[Source records]
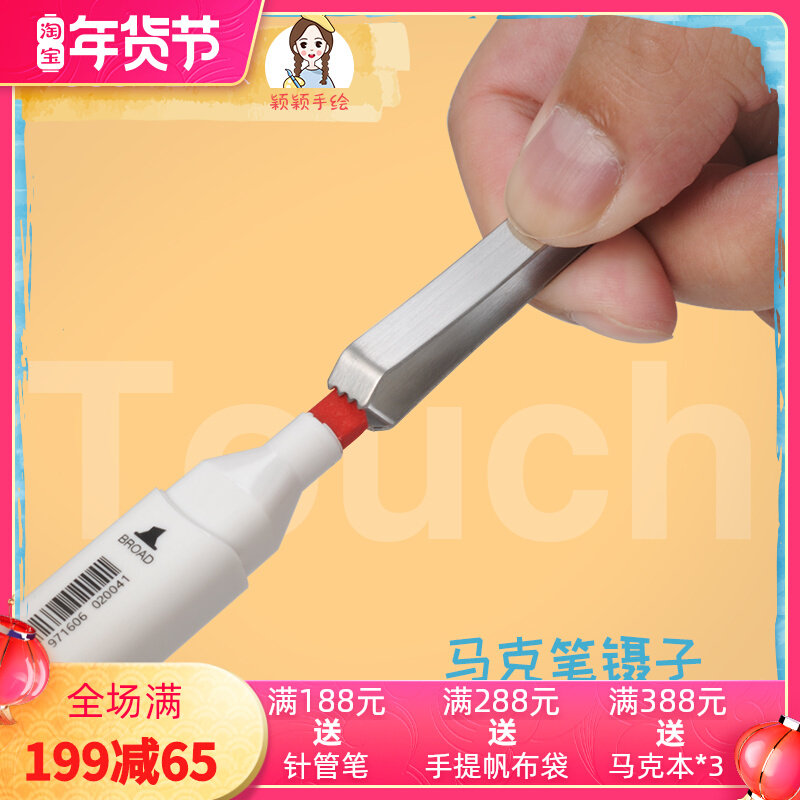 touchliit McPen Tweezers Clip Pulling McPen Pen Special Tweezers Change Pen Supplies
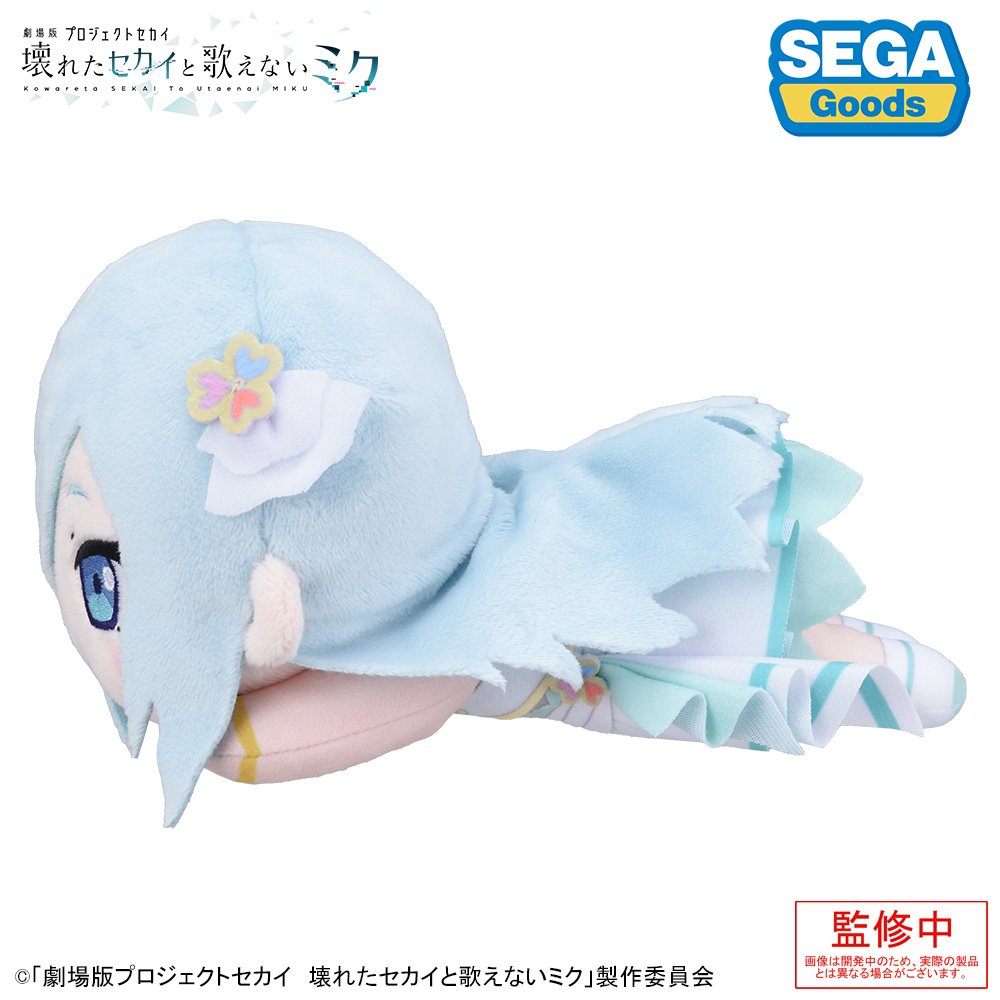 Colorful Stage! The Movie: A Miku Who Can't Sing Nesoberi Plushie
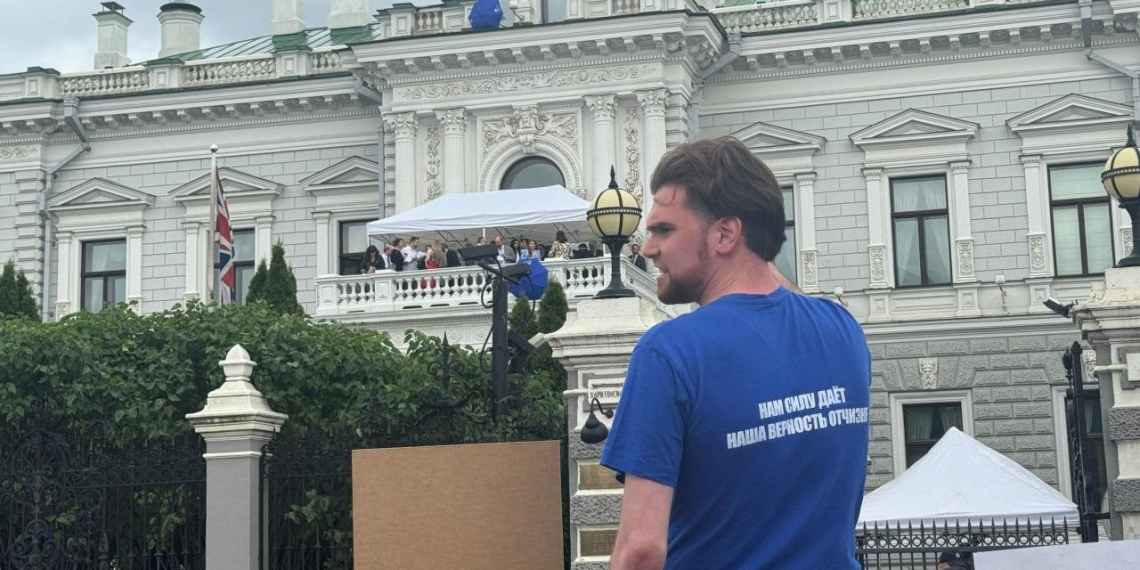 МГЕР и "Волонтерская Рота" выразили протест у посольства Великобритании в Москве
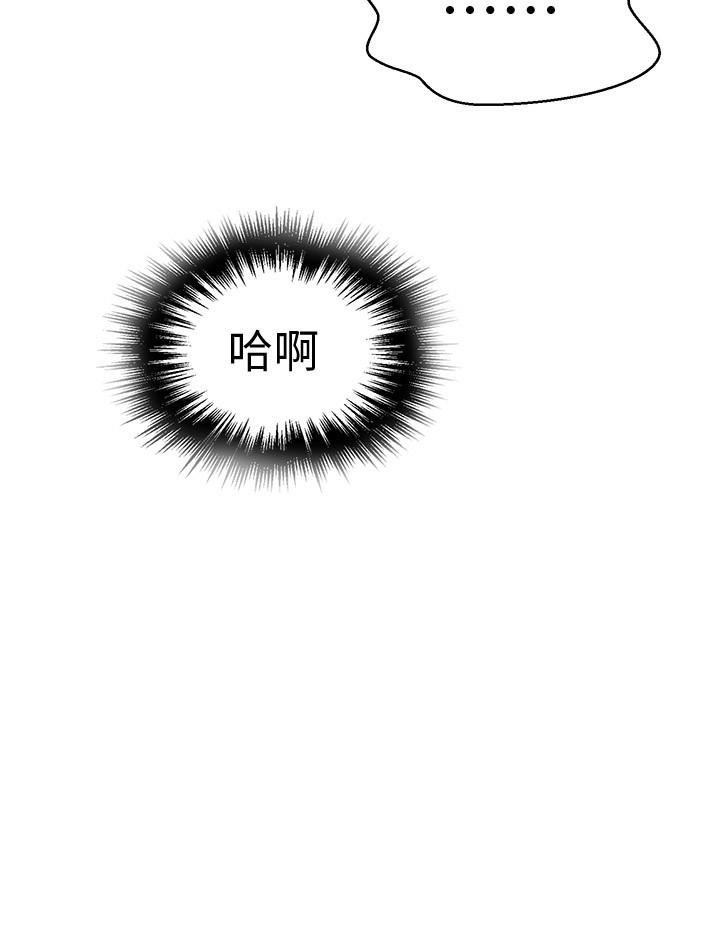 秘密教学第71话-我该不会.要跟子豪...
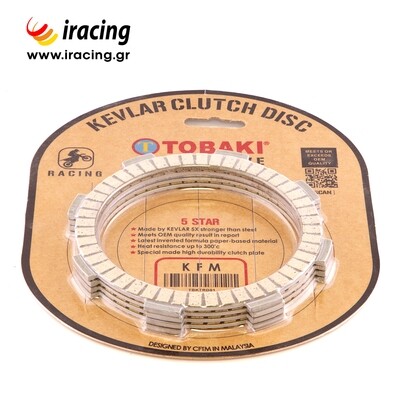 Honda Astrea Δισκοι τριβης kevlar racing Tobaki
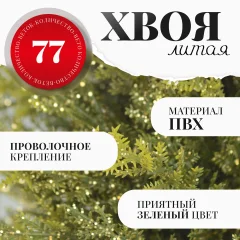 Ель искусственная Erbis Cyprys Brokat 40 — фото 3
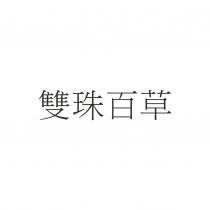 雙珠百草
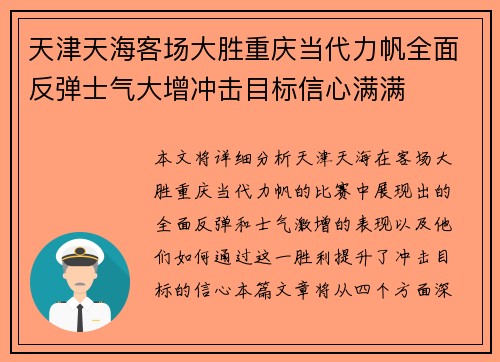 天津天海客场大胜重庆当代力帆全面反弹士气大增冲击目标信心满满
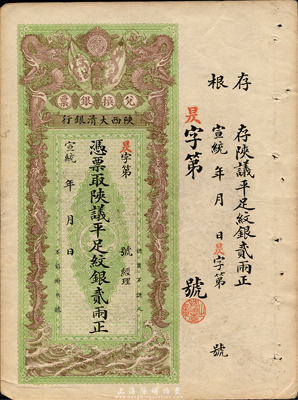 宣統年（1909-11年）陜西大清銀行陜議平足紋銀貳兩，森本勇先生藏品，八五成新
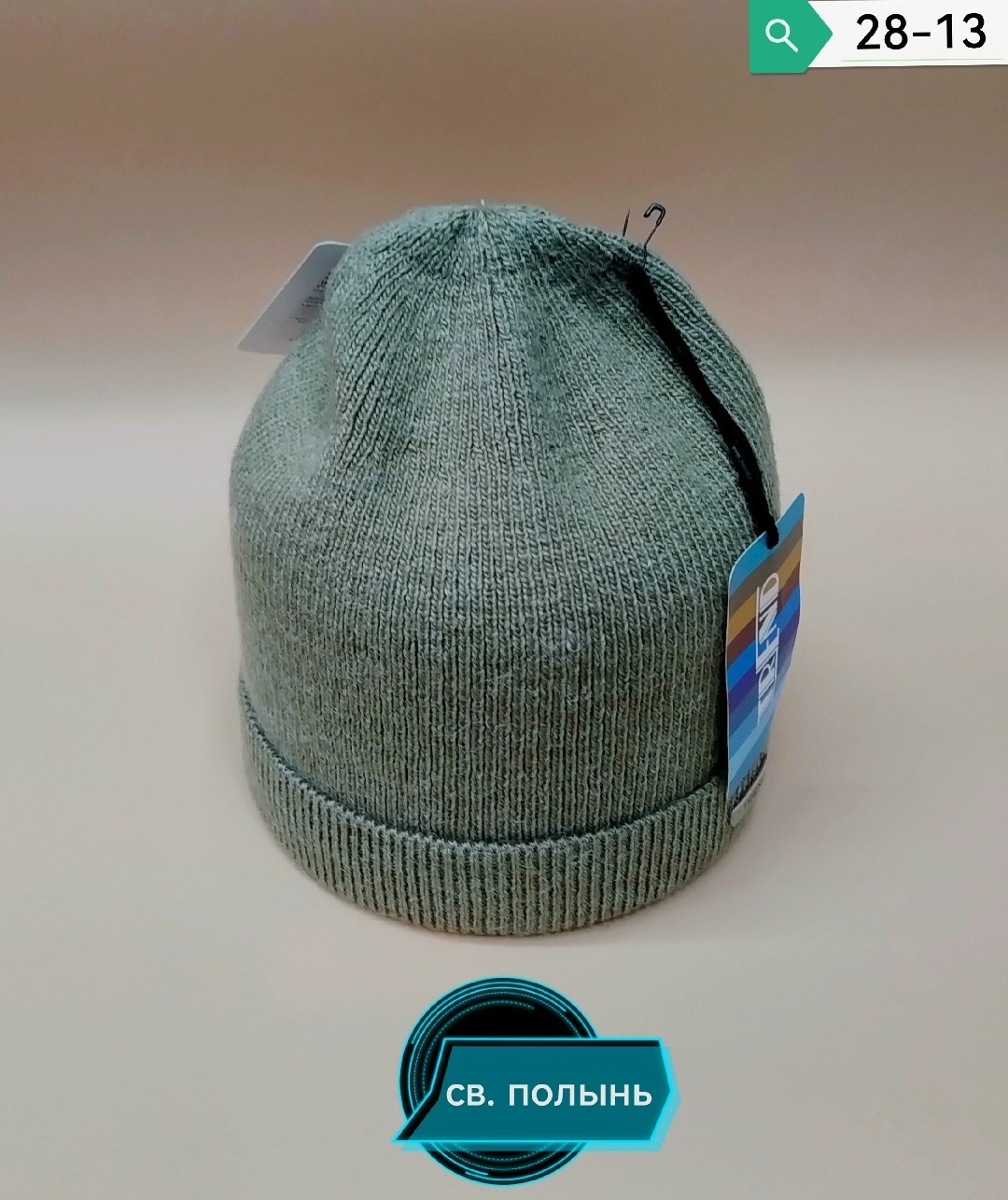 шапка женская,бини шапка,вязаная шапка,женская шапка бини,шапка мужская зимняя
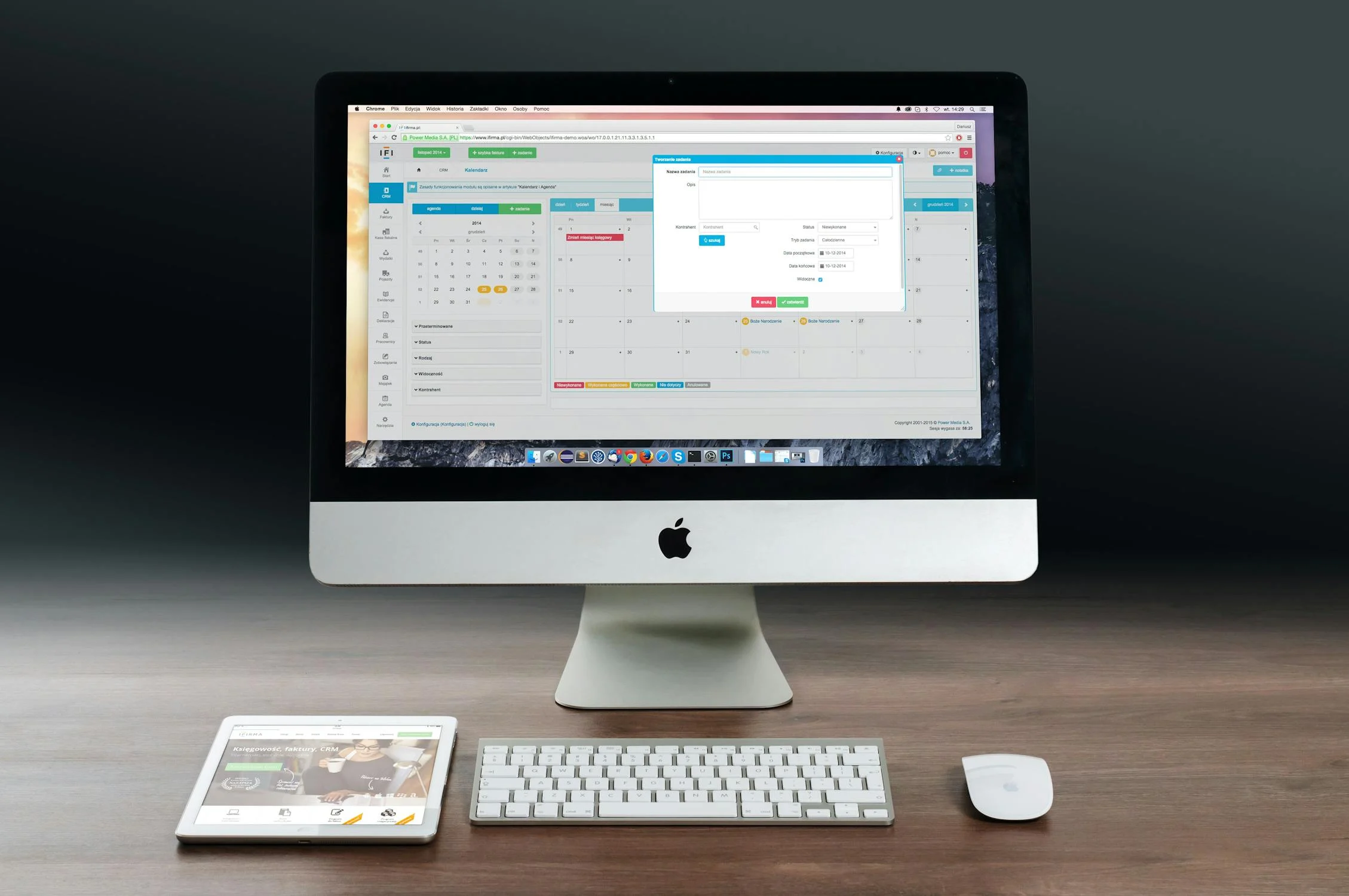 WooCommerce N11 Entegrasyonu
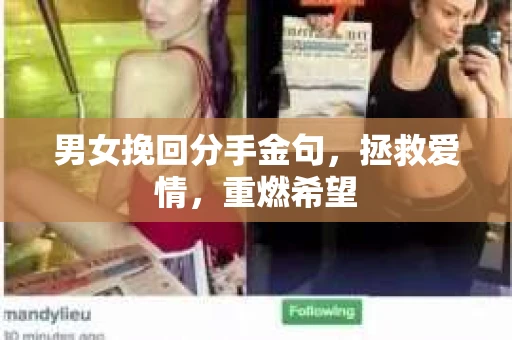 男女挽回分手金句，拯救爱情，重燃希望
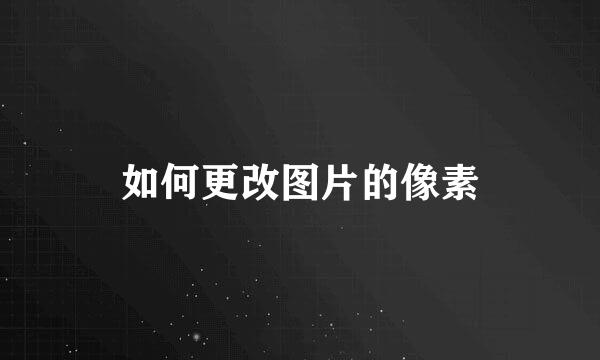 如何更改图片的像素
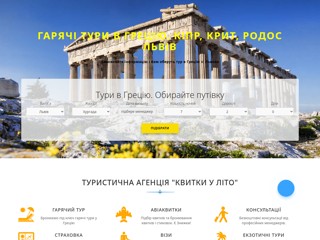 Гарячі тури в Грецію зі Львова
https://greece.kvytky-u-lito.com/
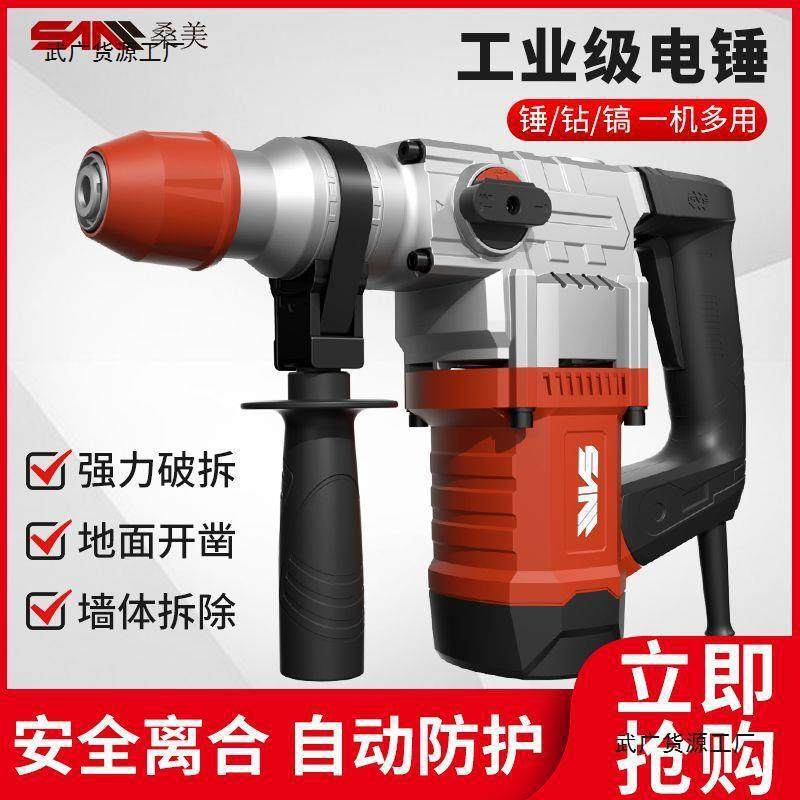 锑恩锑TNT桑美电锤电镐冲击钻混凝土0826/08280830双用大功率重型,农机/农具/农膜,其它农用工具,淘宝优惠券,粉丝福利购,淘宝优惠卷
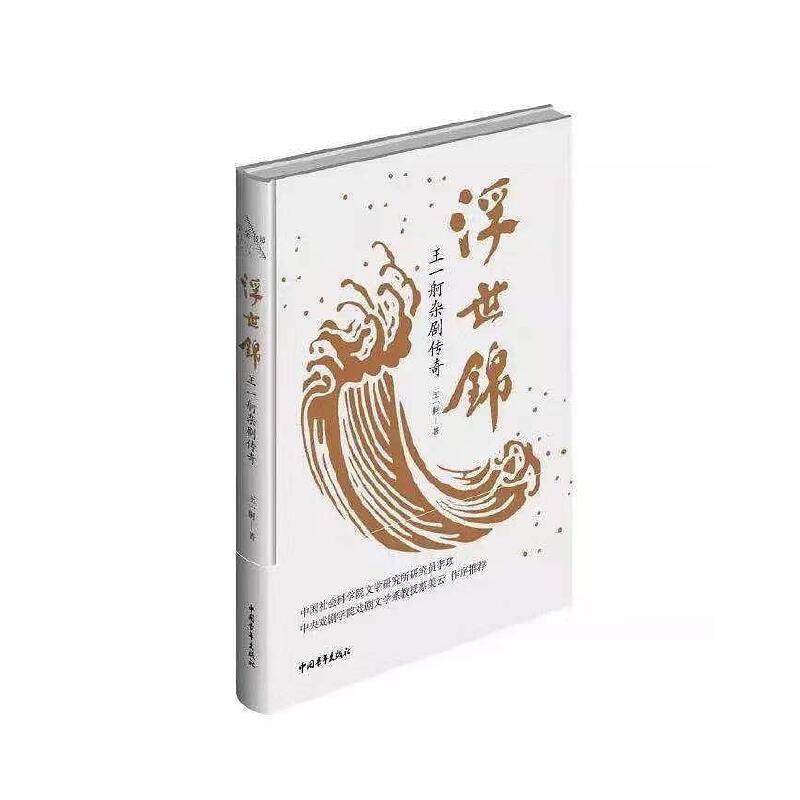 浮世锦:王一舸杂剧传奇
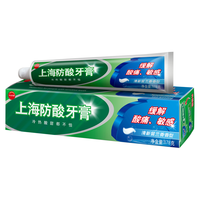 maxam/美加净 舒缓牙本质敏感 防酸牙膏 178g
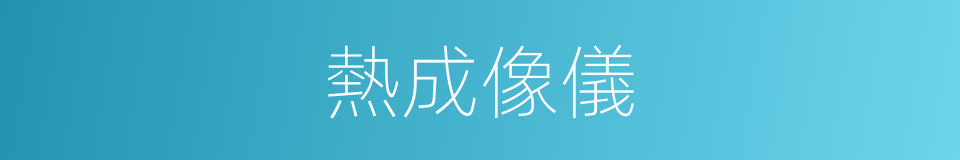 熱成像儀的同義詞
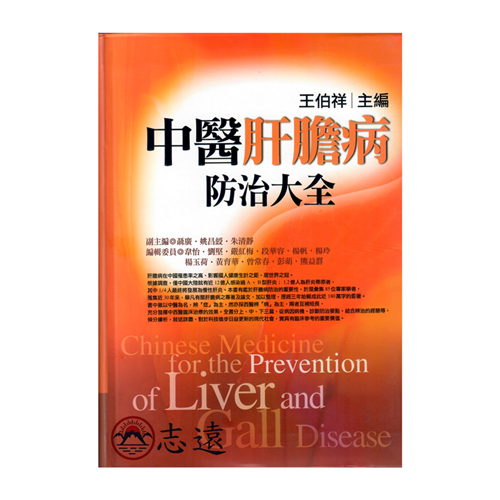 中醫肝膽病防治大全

→ WHAT THE TASK REQUIRES
A picture must not appear in the copy. Transcribe exactly the lines from the one with "天津天海客场大胜重庆当代力帆全面反弹士气大增冲击目标信心满满" through the final line of the entries, both included, and no more.

→ WRITTEN RESPONSE
 天津天海客场大胜重庆当代力帆全面反弹士气大增冲击目标信心满满
 宣統年（1909-11年）陜西大清銀行陜議平足紋銀貳兩，森本勇先生藏品，八五成新
 шапка женская,бини шапка,вязаная шапка,женская шапка бини,шапка мужская зимняя
 WooCommerce N11 Entegrasyonu
 男女挽回分手金句，拯救爱情，重燃希望
 如何更改图片的像素
 Гарячі тури в Грецію зі Львова
https://greece.kvytky-u-lito.com/
 锑恩锑TNT桑美电锤电镐冲击钻混凝土0826/08280830双用大功率重型,农机/农具/农膜,其它农用工具,淘宝优惠券,粉丝福利购,淘宝优惠卷
 浮世锦:王一舸杂剧传奇
 maxam/美加净 舒缓牙本质敏感 防酸牙膏 178g
 熱成像儀的同義詞
 中醫肝膽病防治大全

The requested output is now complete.